BEGIN Input for this task

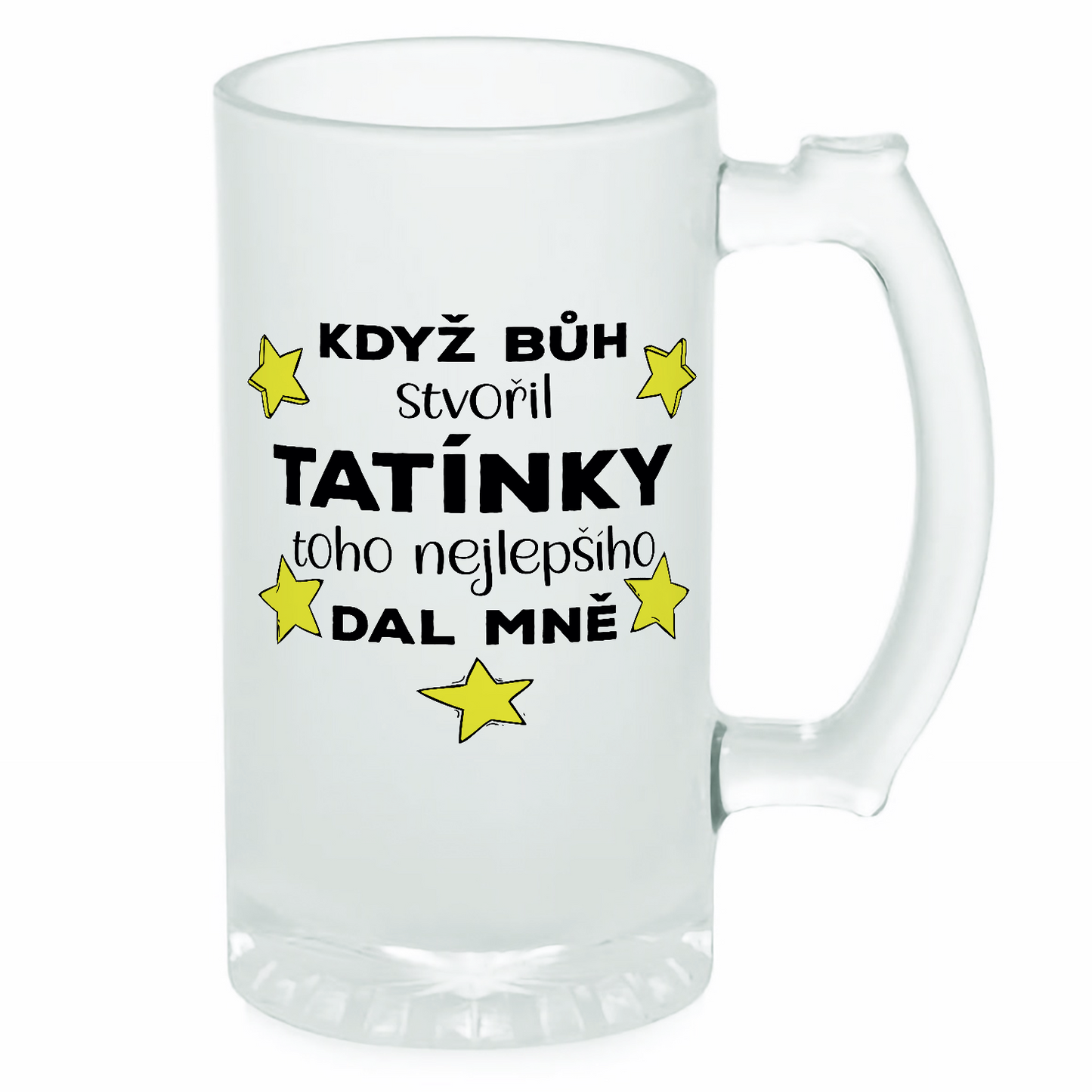 matná sklenice na pivo objem 470 ml s vlastním návrhem potisku v konfigurátoru možnost nahrát fotku a vlastní text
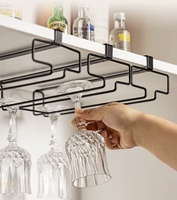 Organizador Colgante para Copas de Vino Tinto, Soporte Metálico para Debajo del Gabinete, Sin Perforaciones, para Colgar Copas de Vino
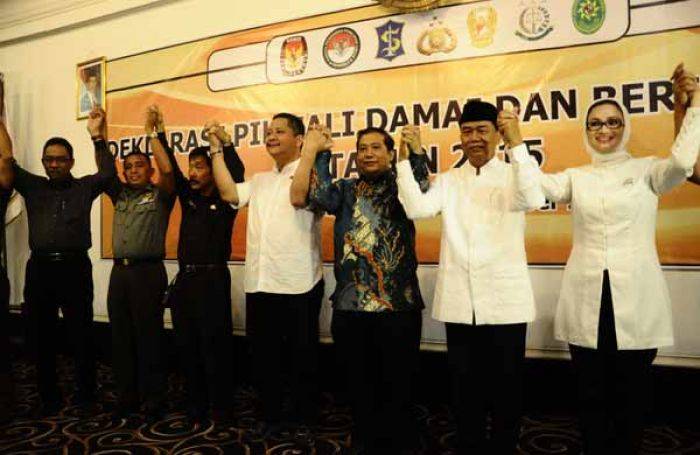 Tak Dihadiri Risma, KPU Surabaya Gelar Deklarasi Pilwali Damai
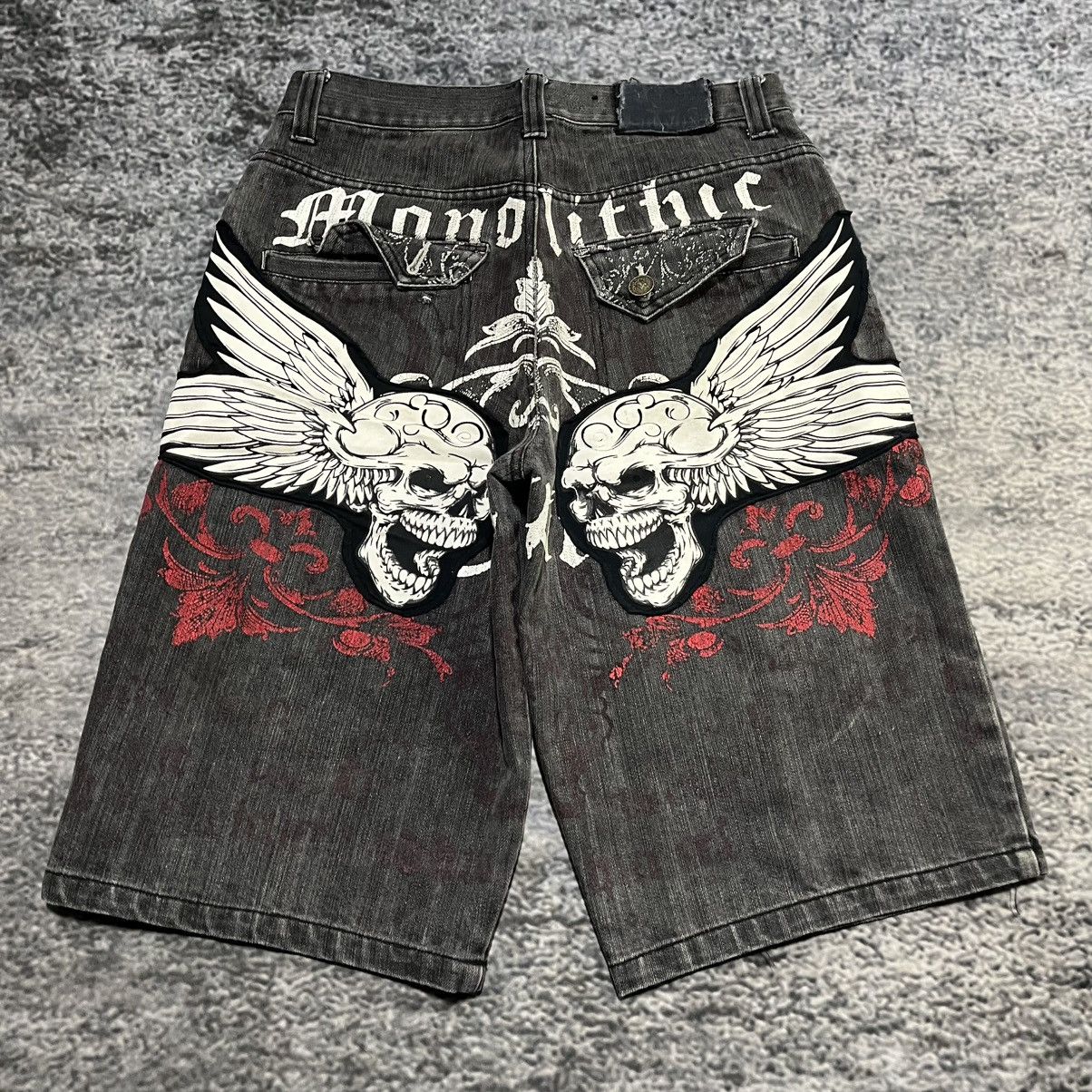 Vintage Vintage Y2K Skull Wings Baggy Jorts Grunge Skater Shorts Size US 32 / EU 48 - 3 Thumbnail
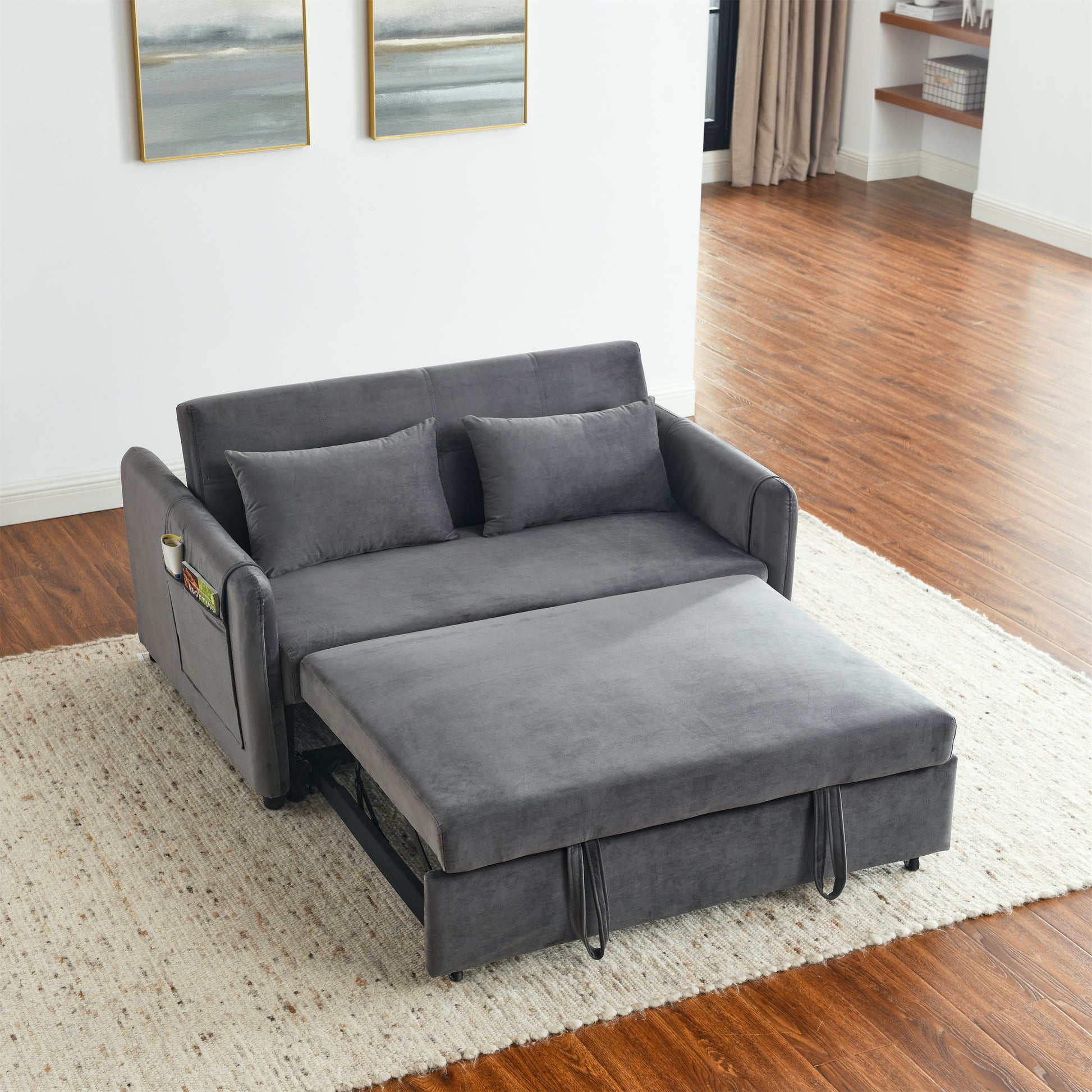 Convertible Sofa Bed, 3 In 1 Versatile Velvet Double Sofa With Pullout Bed, Seat With Adjustable Backrest, Lumbar Pillows, And Living Room Side Pockets, 54 Inch, Grey Brown Wood Primary Living Space Delicate Duty Eucalyptus 2 Seat Grey Velvet Soft Pillow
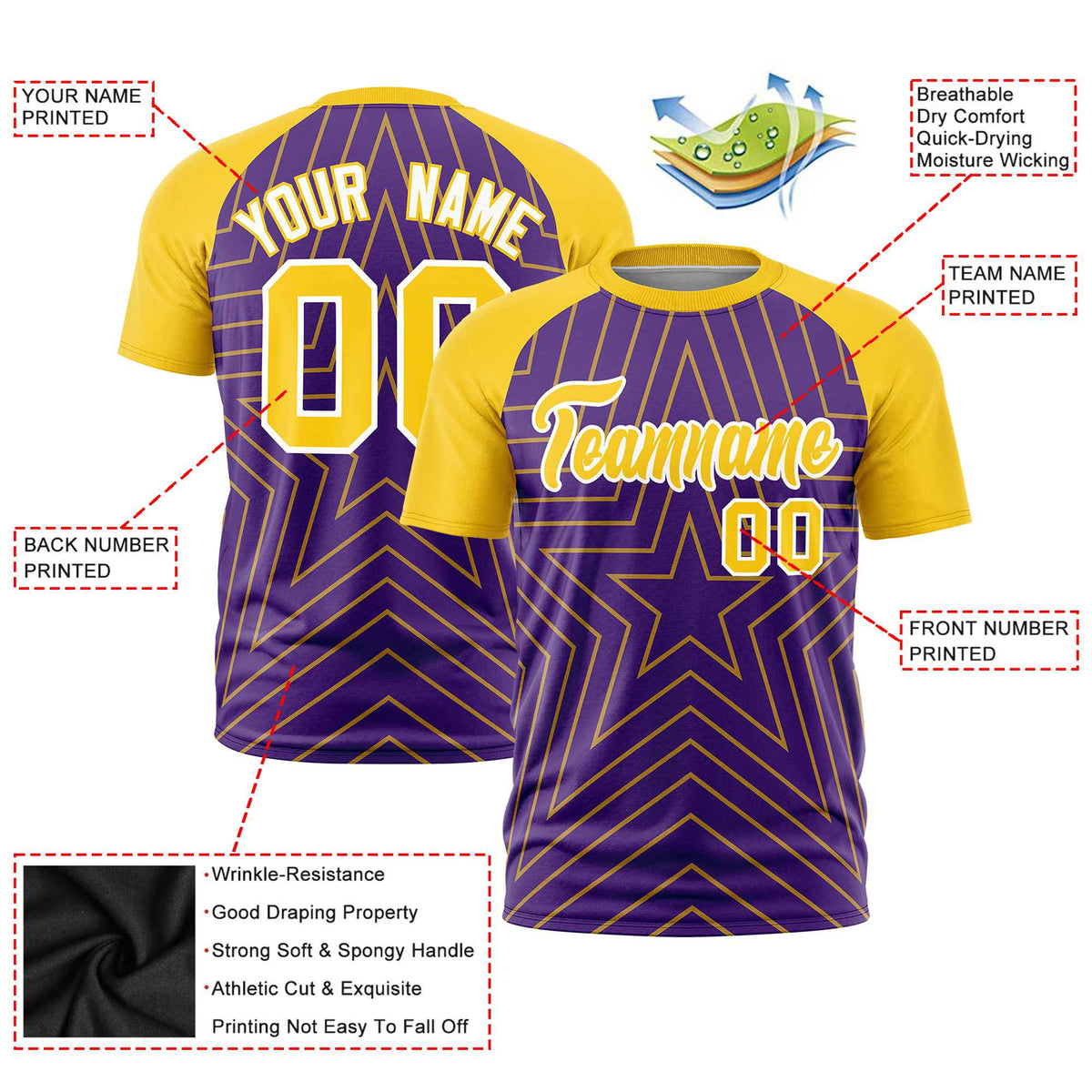 Custom Purple Gold Personalized Star Pattern Raglan Sleeves Performance T-Shirt
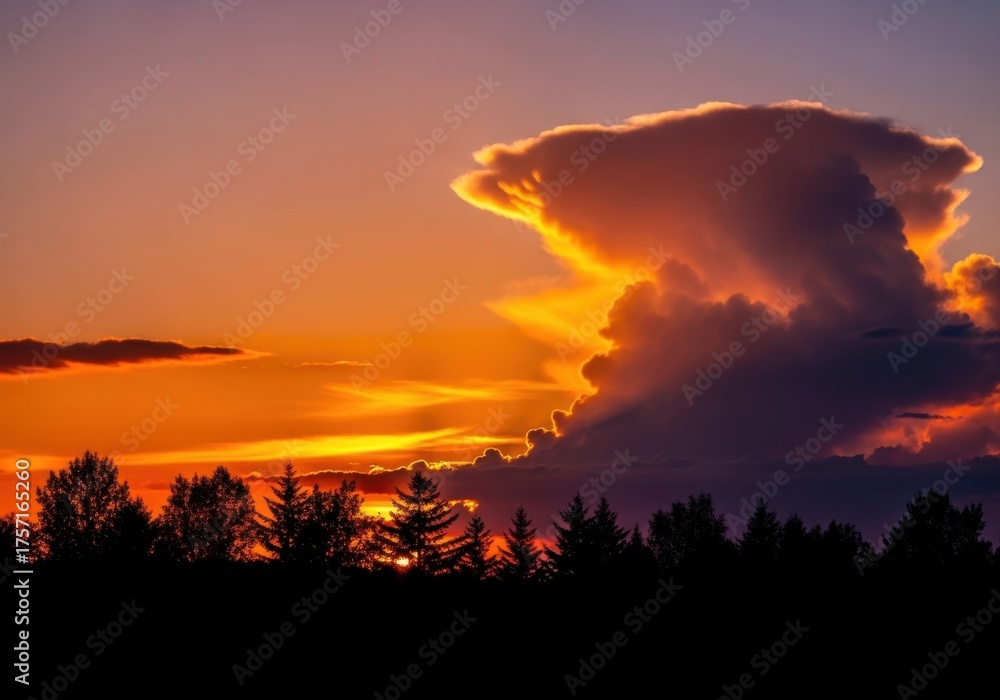 Fototapeta premium Dramatic sunset clouds illuminate the sky over a silhouetted forest landscape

END Input for this task

▶ [Exercise directions]: The records above should be written out in full and unchanged, except that pictures are dropped.

▶ [Response to this exercise]:
 matná sklenice na pivo objem 470 ml s vlastním návrhem potisku v konfigurátoru možnost nahrát fotku a vlastní text
 Organizador Colgante para Copas de Vino Tinto, Soporte Metálico para Debajo del Gabinete, Sin Perforaciones, para Colgar Copas de Vino
 Tak Dihadiri Risma, KPU Surabaya Gelar Deklarasi Pilwali Damai
 Vintage Vintage Y2K Skull Wings Baggy Jorts Grunge Skater Shorts Size US 32 / EU 48 - 3 Thumbnail
 Convertible Sofa Bed, 3 In 1 Versatile Velvet Double Sofa With Pullout Bed, Seat With Adjustable Backrest, Lumbar Pillows, And Living Room Side Pockets, 54 Inch, Grey Brown Wood Primary Living Space Delicate Duty Eucalyptus 2 Seat Grey Velvet Soft Pillow
 Custom Purple Gold Personalized Star Pattern Raglan Sleeves Performance T-Shirt
 Fototapeta premium Dramatic sunset clouds illuminate the sky over a silhouetted forest landscape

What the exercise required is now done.